_Required work_
Below are entries. Reproduce exactly the lines between the line holding "مدير تموين المنوفية" and the line holding "Pteraeolidia ianthina", inclusive, and only those.

_Data to use_
== Segment start ==

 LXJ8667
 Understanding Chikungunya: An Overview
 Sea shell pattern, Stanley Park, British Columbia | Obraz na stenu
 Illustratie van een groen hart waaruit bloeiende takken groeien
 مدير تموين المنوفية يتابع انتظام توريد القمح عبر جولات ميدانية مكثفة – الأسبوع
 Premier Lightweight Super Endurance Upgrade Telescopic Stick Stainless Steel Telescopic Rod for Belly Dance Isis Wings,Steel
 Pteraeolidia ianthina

== Segment end ==
== Segment start ==

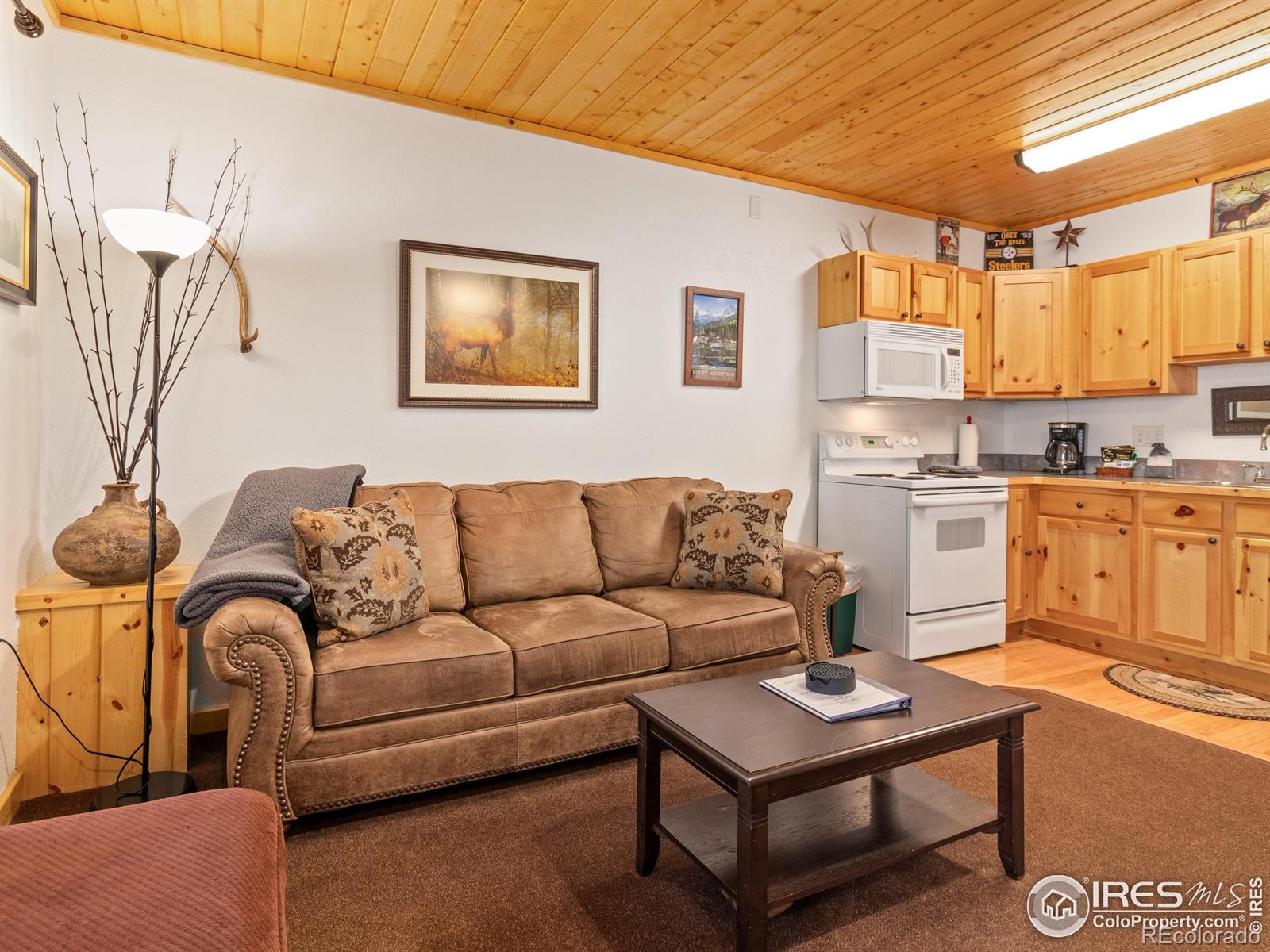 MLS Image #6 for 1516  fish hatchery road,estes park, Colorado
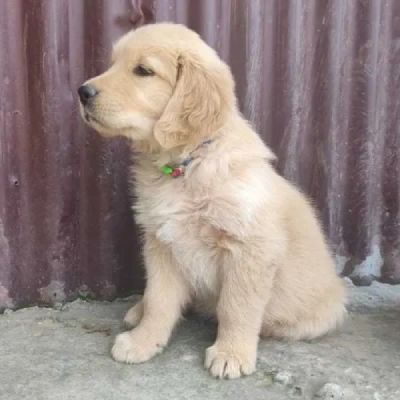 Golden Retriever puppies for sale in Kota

== Segment end ==

_Written response_
 مدير تموين المنوفية يتابع انتظام توريد القمح عبر جولات ميدانية مكثفة – الأسبوع
 Premier Lightweight Super Endurance Upgrade Telescopic Stick Stainless Steel Telescopic Rod for Belly Dance Isis Wings,Steel
 Pteraeolidia ianthina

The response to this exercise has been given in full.